Out of curiosity, does anyone know any aquarium fish that can breathe fresh air as well as dissolved oxygen? I have a hunch that Poecilia's have this ability...but I may be wrong.


----------



## Fishfinder (Feb 17, 2008)

Gourami's, killifish and paradise fish all can i believe.


----------



## Hitch (Apr 26, 2009)

corys also can, and some other armoured catfish to some extent. 

Lungfish also can


----------



## bae (May 11, 2007)

Fish in distress will gulp air while trying to breathe the surface water, which will be the most highly oxygenated. You might see this with poecilids, which have mouths designed for surface feeding -- they may inadvertently gulp air while grabbing food.

Some fish have developed the ability to use air. Anabantoids (bettas, gouramis, paradise fish, etc) use a structure called the labyrinth to use air. Corydoras catfish and some other unrelated spp can swallow air and extract oxygen from it in their intestines.

Primitive fish can often use air with their swim bladders, which are open to the pharynx. Fish developed lungs first (and there still are a few species with functional lungs), and later evolved swim bladders from the lungs.

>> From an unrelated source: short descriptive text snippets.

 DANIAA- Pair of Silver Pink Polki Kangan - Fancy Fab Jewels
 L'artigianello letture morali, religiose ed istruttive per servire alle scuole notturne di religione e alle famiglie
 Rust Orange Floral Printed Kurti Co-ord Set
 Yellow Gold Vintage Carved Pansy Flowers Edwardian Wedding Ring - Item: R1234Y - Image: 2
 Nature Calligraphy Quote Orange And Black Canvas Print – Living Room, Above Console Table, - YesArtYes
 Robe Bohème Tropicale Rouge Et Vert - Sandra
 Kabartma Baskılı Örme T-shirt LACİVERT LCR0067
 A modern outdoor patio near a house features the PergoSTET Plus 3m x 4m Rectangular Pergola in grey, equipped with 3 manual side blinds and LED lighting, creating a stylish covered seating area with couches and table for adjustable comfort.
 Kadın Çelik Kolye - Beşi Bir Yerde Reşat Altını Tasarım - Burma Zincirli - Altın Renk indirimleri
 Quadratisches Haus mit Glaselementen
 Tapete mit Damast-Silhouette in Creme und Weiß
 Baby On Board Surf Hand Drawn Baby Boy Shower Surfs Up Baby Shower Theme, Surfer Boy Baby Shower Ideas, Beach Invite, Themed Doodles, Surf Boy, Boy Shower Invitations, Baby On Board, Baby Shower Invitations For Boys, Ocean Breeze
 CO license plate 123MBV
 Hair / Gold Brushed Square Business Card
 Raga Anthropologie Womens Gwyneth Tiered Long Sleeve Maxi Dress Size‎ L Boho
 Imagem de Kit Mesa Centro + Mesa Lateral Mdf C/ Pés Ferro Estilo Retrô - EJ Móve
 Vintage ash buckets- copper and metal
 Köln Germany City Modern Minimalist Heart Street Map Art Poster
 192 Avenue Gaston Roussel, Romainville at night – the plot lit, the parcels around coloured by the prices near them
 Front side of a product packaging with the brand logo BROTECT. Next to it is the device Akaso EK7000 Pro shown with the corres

AFAIK, no killifish have developed air breathing, although they may gulp air as in teh first paragraph.


----------



## AquaNeko (Jul 26, 2009)

bae said:


> Fish in distress will gulp air while trying to breathe the surface water, which will be the most highly oxygenated. You might see this with poecilids, which have mouths designed for surface feeding -- they may inadvertently gulp air while grabbing food.
> 
> Some fish have developed the ability to use air. Anabantoids (bettas, gouramis, paradise fish, etc) use a structure called the labyrinth to use air. Corydoras catfish and some other unrelated spp can swallow air and extract oxygen from it in their intestines.
> 
> ...


If that's the case then I was thinking for a second a very silent tank setup with a smaller filter and really small air pump so the air pump won't have as large a sound as a larger pump. Just run the filter normally then bleed out say 5% load very little air into an air stone that way the air pump would not be using 100% load and thus being loud.

Seeing as the fish could gulp air it would seem like a tank with lesser worry of O2 starvation if the pump died or power outage while you're away.


----------



## Hitch (Apr 26, 2009)

In that case, go with fish that has a labyrinth organ. Like the gouramis, bettas and paradise fish.


----------



## GuppiesAndBetta (Jul 27, 2009)

Gars/Lungfish/Labyrinth fish.


----------



## shark (Jan 28, 2009)

dont forget polypterus


----------



## characinfan (Dec 24, 2008)

Arapaima/pirarucu are obligate air breathers. . . not that anyone would be keeping them in a household tank.


----------



## bluekrissyspikes (Apr 16, 2009)

lungfish are cool but you need a really big tank. mine has a crappy diy filter made out of a sponge and a powerhead and has no issues. they don't care about amonia either so that makes things easier.


----------